Les ombres filantes

APRÈS-MIDI

Quelque chose vient de me tirer de mon sommeil. Je refuse d’ouvrir les yeux. Pas encore, pas tout de suite. J’ignore combien de temps j’ai pu dormir adossé à cette vieille souche. Une heure, peut-être deux. À part une corneille qui graille au loin et les feuilles des peupliers qui bruissent dans la brise, la forêt est silencieuse.

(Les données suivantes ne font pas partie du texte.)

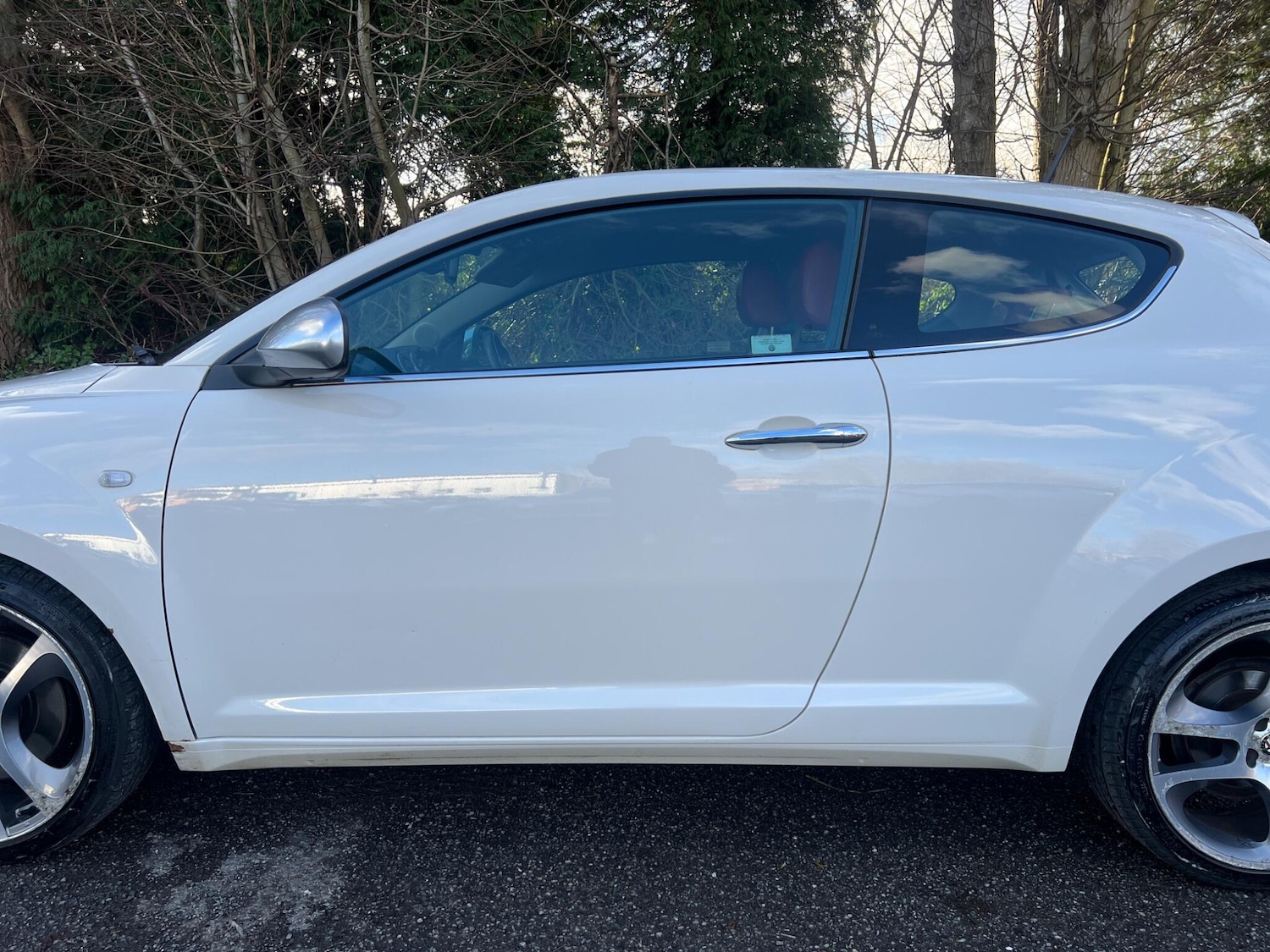 Used Alfa Romeo MiTo 2009 for sale - 77709684: Photo 17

J’écarte les paupières et suis ébloui par les fougères nombreuses, fuselées, luminescentes. Dans cette étendue sans fin, des arbres immenses se lancent à l’assaut du ciel. L’écorce craquelée de leurs troncs est couverte de lichens. Le labyrinthe de leurs branches découpe la végétation en mosaïque.
Une odeur de fauve flotte dans l’air. Je redresse la tête lentement et tressaute. Devant moi, tout près, juste là, un loup me guette. Ses yeux jaunes, sa stature et son pelage ombrageux appartiennent à un autre monde. Je veux me lever et déguerpir, mais les vertèbres de mon dos sont soudées les unes aux autres. Je n’ai jamais vu de bête aussi immobile et aussi puissante à la fois.
Quand je parviens à me relever, le loup recule de quelques pas, me jauge puis se repositionne au même endroit. Ma vieille blessure au genou m’élance. Je jette un coup d’œil par-dessus mon épaule. Entre le brun et le roux des branchages, je repère deux autres silhouettes qui se faufilent sans bruit. Mon sang s’épaissit. Je suis encerclé. Soit ils s’apprêtent à fondre sur moi, soit ils hésitent à la vue de mon corps maigre et sec. Je lance un cri pour les effrayer. Ma voix casse. Le loup qui me fait face, sursaute, attend puis lève le museau pour humer l’air. Sans le quitter du regard, je me penche et mets la main sur mon sac, mes bâtons, mes vieilles bottes.